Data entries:
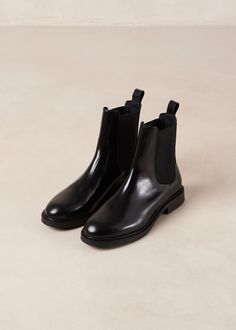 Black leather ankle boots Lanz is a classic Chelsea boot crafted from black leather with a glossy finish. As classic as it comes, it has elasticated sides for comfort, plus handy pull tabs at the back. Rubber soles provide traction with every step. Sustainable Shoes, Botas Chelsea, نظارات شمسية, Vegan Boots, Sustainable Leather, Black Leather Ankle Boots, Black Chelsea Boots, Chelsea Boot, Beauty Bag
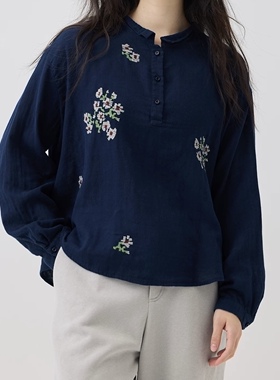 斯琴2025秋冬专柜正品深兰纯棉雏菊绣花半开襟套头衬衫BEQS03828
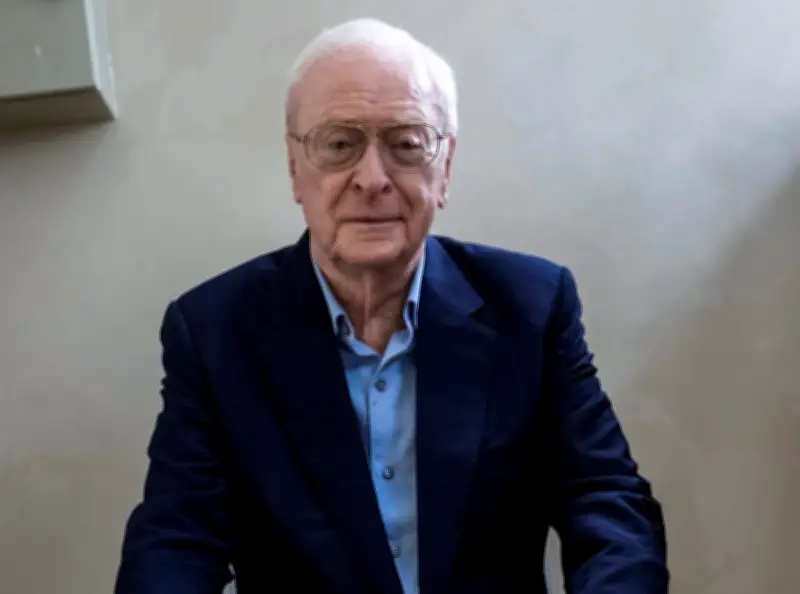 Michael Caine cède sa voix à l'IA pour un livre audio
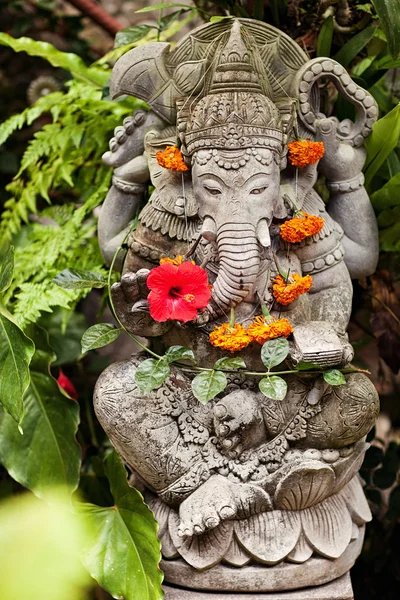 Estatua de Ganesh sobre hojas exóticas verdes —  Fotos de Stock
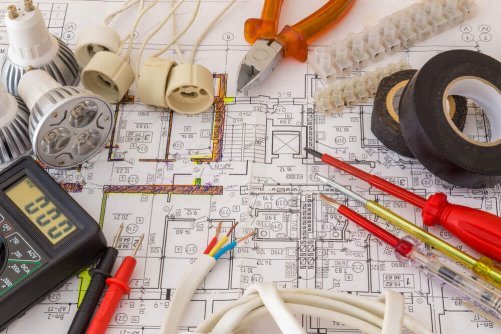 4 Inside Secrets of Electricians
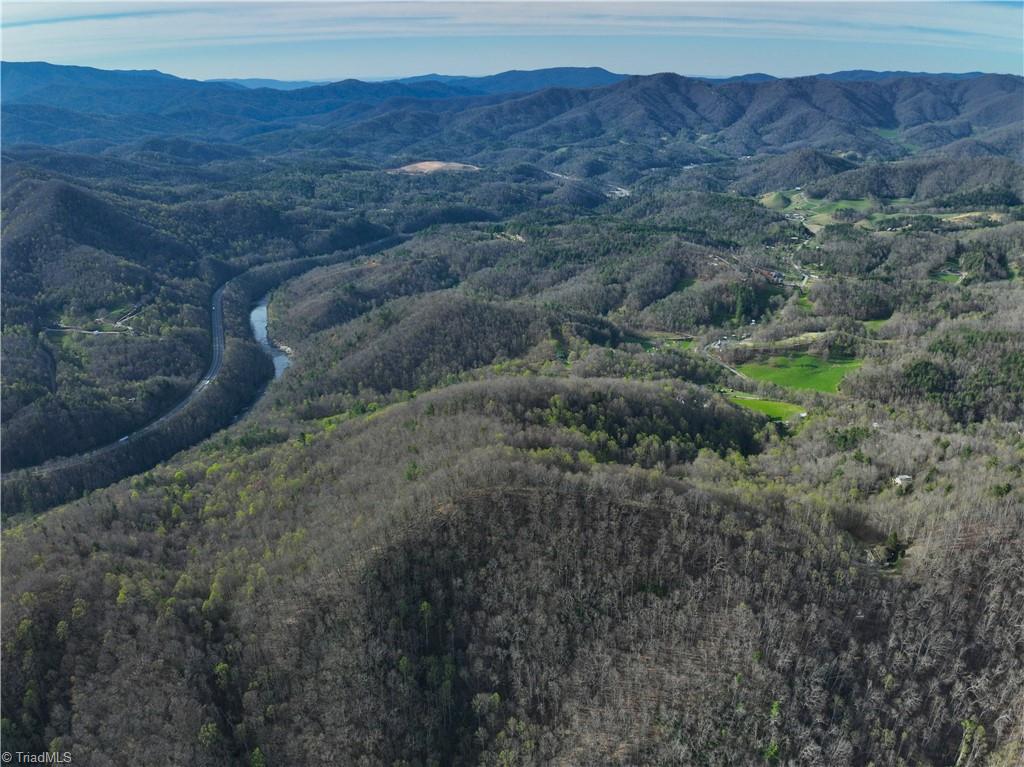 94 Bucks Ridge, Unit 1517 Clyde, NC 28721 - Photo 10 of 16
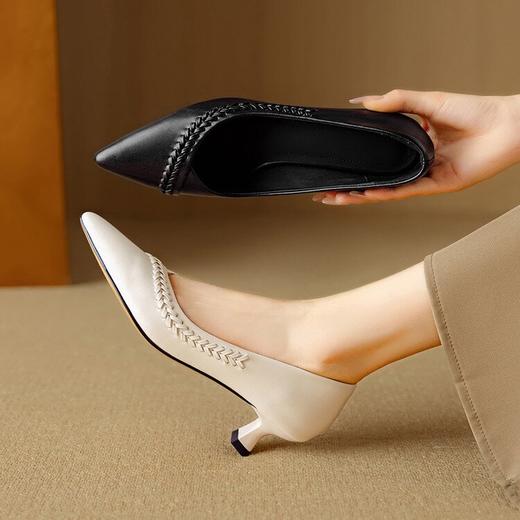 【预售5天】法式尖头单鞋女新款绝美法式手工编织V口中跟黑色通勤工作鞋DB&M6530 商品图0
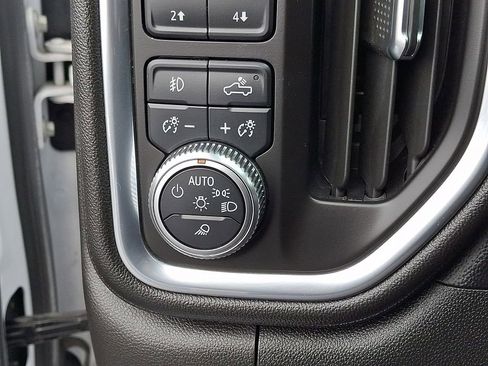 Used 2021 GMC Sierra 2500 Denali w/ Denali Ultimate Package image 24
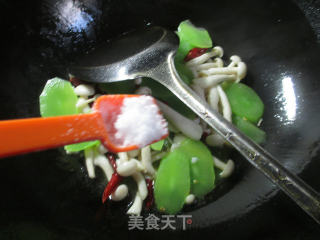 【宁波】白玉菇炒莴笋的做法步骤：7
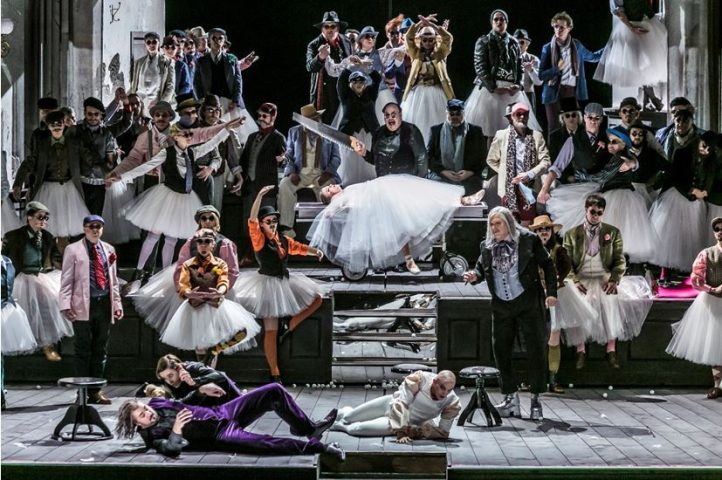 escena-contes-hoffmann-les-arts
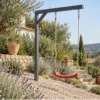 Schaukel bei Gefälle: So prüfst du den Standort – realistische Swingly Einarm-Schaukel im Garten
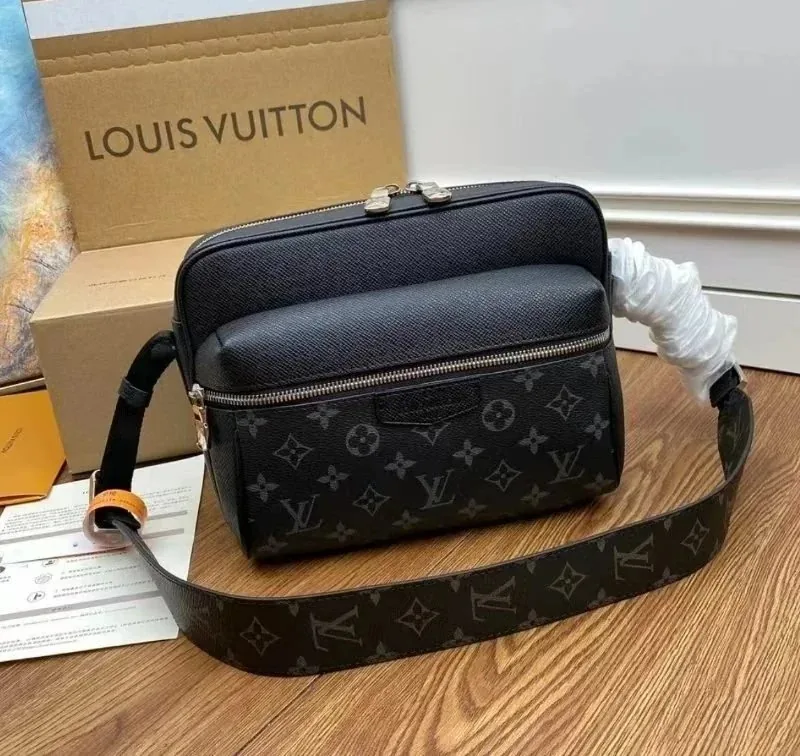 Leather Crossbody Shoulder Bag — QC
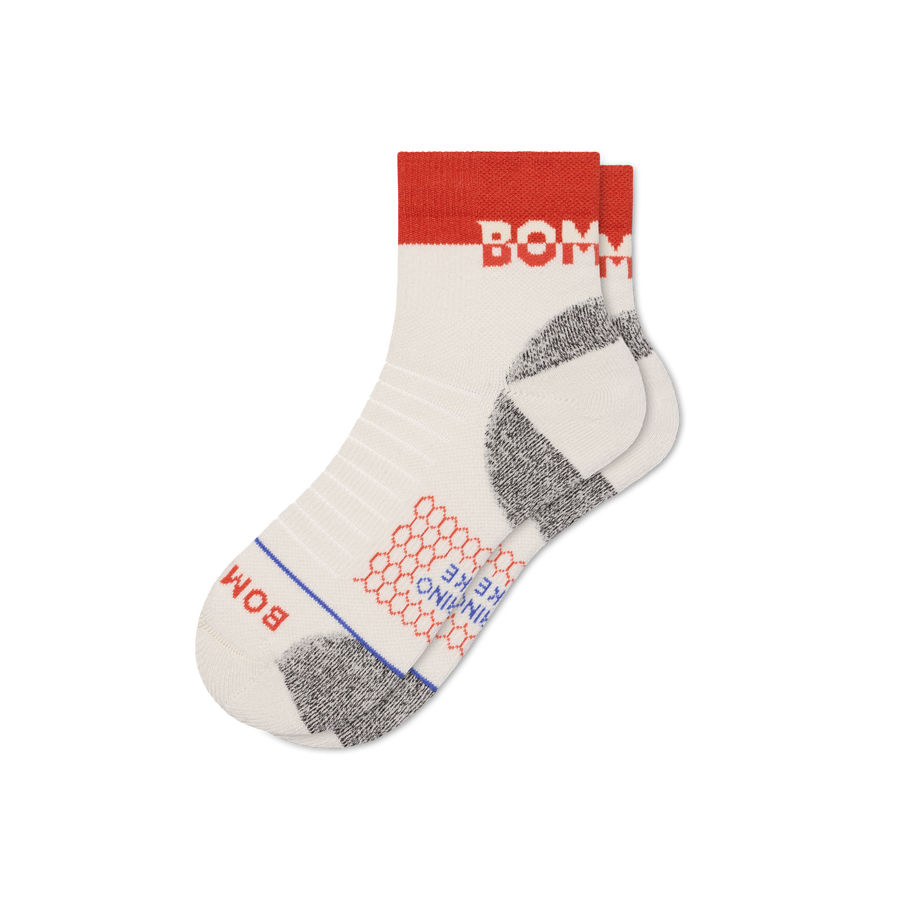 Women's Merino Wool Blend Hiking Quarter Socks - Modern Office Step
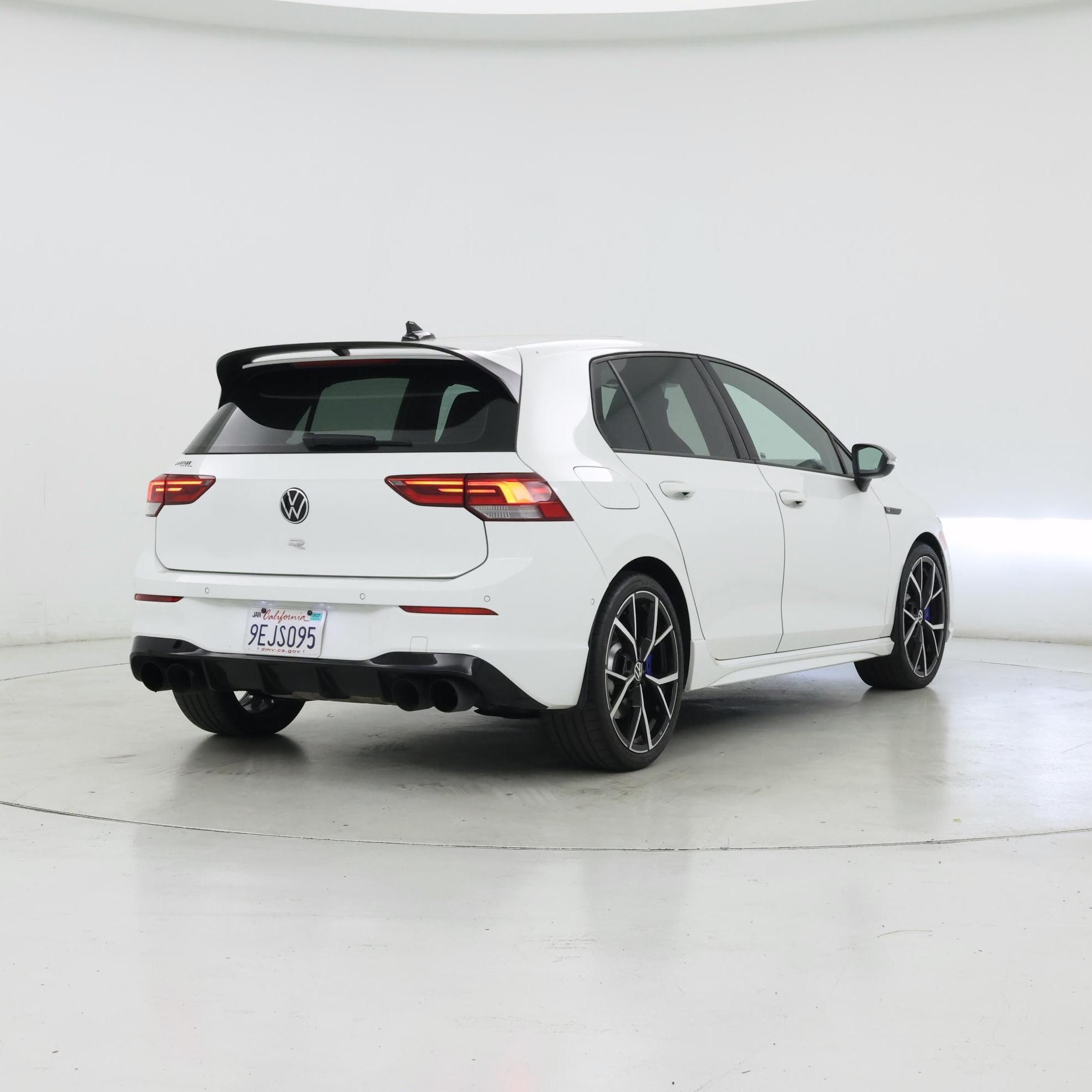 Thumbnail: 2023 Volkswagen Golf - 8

### Your objective
Give the entries above again word for word, without the pictures.

### Exercise output
 Black leather ankle boots Lanz is a classic Chelsea boot crafted from black leather with a glossy finish. As classic as it comes, it has elasticated sides for comfort, plus handy pull tabs at the back. Rubber soles provide traction with every step. Sustainable Shoes, Botas Chelsea, نظارات شمسية, Vegan Boots, Sustainable Leather, Black Leather Ankle Boots, Black Chelsea Boots, Chelsea Boot, Beauty Bag
 斯琴2025秋冬专柜正品深兰纯棉雏菊绣花半开襟套头衬衫BEQS03828
 Michael Caine cède sa voix à l'IA pour un livre audio
 Estatua de Ganesh sobre hojas exóticas verdes —  Fotos de Stock
 4 Inside Secrets of Electricians
 94 Bucks Ridge, Unit 1517 Clyde, NC 28721 - Photo 10 of 16
 【预售5天】法式尖头单鞋女新款绝美法式手工编织V口中跟黑色通勤工作鞋DB&M6530 商品图0
 Used 2021 GMC Sierra 2500 Denali w/ Denali Ultimate Package image 24
 【宁波】白玉菇炒莴笋的做法步骤：7
 escena-contes-hoffmann-les-arts
 Schaukel bei Gefälle: So prüfst du den Standort – realistische Swingly Einarm-Schaukel im Garten
 Leather Crossbody Shoulder Bag — QC
 Women's Merino Wool Blend Hiking Quarter Socks - Modern Office Step
 Thumbnail: 2023 Volkswagen Golf - 8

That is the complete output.